It seems likely he may have had some involvement in the fur trade, especially when you consider the following facts:
• His father, both grandfathers, all of his uncles, and his father-in-law had all been voyageurs.
• His last known Canadian address in Chateauguay, Quebec, Canada (1825) was property he shared with a voyageur Jean Baptiste Poupard -- his brother-in-law -- who married Marie Angelique Meunier dit Lagasse, his wife’s sister.
• According to the 1830 US Federal census he was living on Isle La Motte, Lake Champlain, Vermont, located on a long time fur trade route between Albany and Montreal.
• From the birth records of his children we know he was in Wilna, New York before 1836 — 20 years earlier -- between 1792 and 1814 -- Wilna, New York had been known as Castorland.
|1802 New York map with Castorland (Wilna is the red dot)|
The Castorland village name means "Land of the Beaver." The name stems from a colony of refugees from the French Revolution, established in 1792 to provide a new home away from the violence in France.
The land, 210,000 acres, was originally part of Macomb's Purchase. It was purchased by La Compagnie de New York. "Castorland" is a literal translation of the old Indian name of the area, Couch-sach-ra-ga.
Castorland was located in the northwestern part of the State of New York, between the Black River, and the forty-fourth degree of latitude (in the region where the towns of Wilna, Castorland, Carthage, Great Bend, Black River and Watertown are situated today).
Due to many reverses, including harsh winters, poor planning, loss of livestock and funds, the colony was dissolved in 1814. Many of the original settlers from the Castorland colony returned to Europe or moved to larger communities.
|1829 New York map (Wilna is the red dot)|
About Wilna, New York
According to 1850 through 1870 US Federal census records Gabriel lived in Wilna, New York.

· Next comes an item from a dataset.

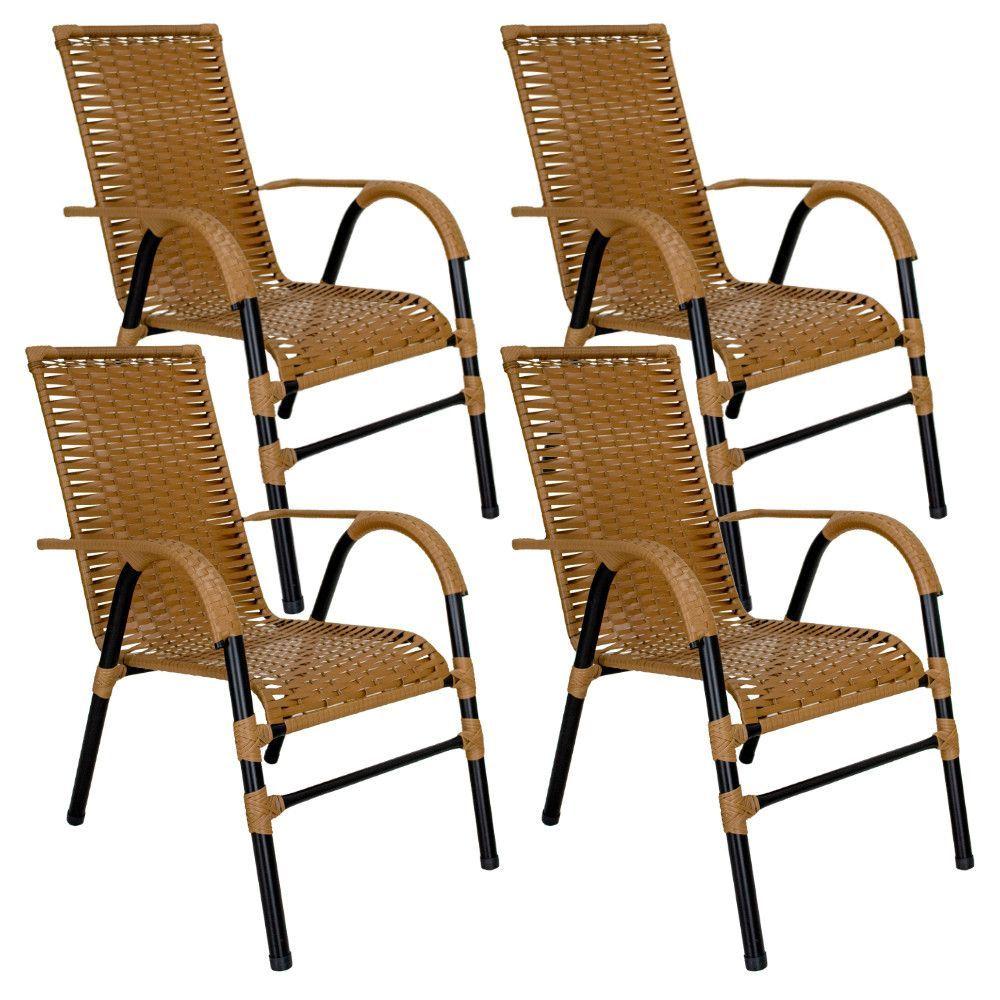 Miniatura Conjunto De 4 Cadeiras Bela De Aço Carbono E Fibra Sintética Caramelo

Gabriel lived in the northeastern corner of Wilna in an area known as Natural Bridge, and is just west of the renown adirondacks mountains. His homestead fronted the Indian River which gave him canoe access to vast wilderness areas during the first half of the 19th century.
About Gabriel Pinsonneau (1803–1877), 3rd great-grandfather, born 3 MAR 1803 in La Prairie, Quebec; died 16 DEC 1877 in Wilna, Jefferson Co., NY.
He went by the name Gilbert Passino after moving to the USA.
His father: Gabriel Pinsonneau (1770–1807)
His mother: Marie Vielle (1773–1808)
Spouse: Marie Emélie Meunier dit Lagassé (1808–1883)
|Gabriel's home in 1864 is the red dot|
i. Nelson Francis Pinsonneau b. 1821 Canada, d. 1897
ii. Justine Pinsonneau b. 1827 Canada, d. 1827
iii. Moses David Pinsonneau b. 1827 Canada, d. 1895
iv. Flavie Pinsonneau b. 1834 Canada, d. 1908
v. Lucy Pinsonneau b. 1836 New York, d. 1917
vi. Laura Pinsonneau b. 1840 New York, d. 1915
vii. Mary Jane Pinsonneau b. 1841 New York, d. 1917
viii. George Gilbert Pierce (Pinsonneau) b. 1853 New York, d. 1913
The record of Gilbert's life is so thin my question may never be answered, but my guess is that he had both the means and opportunity to trade furs for a little extra income.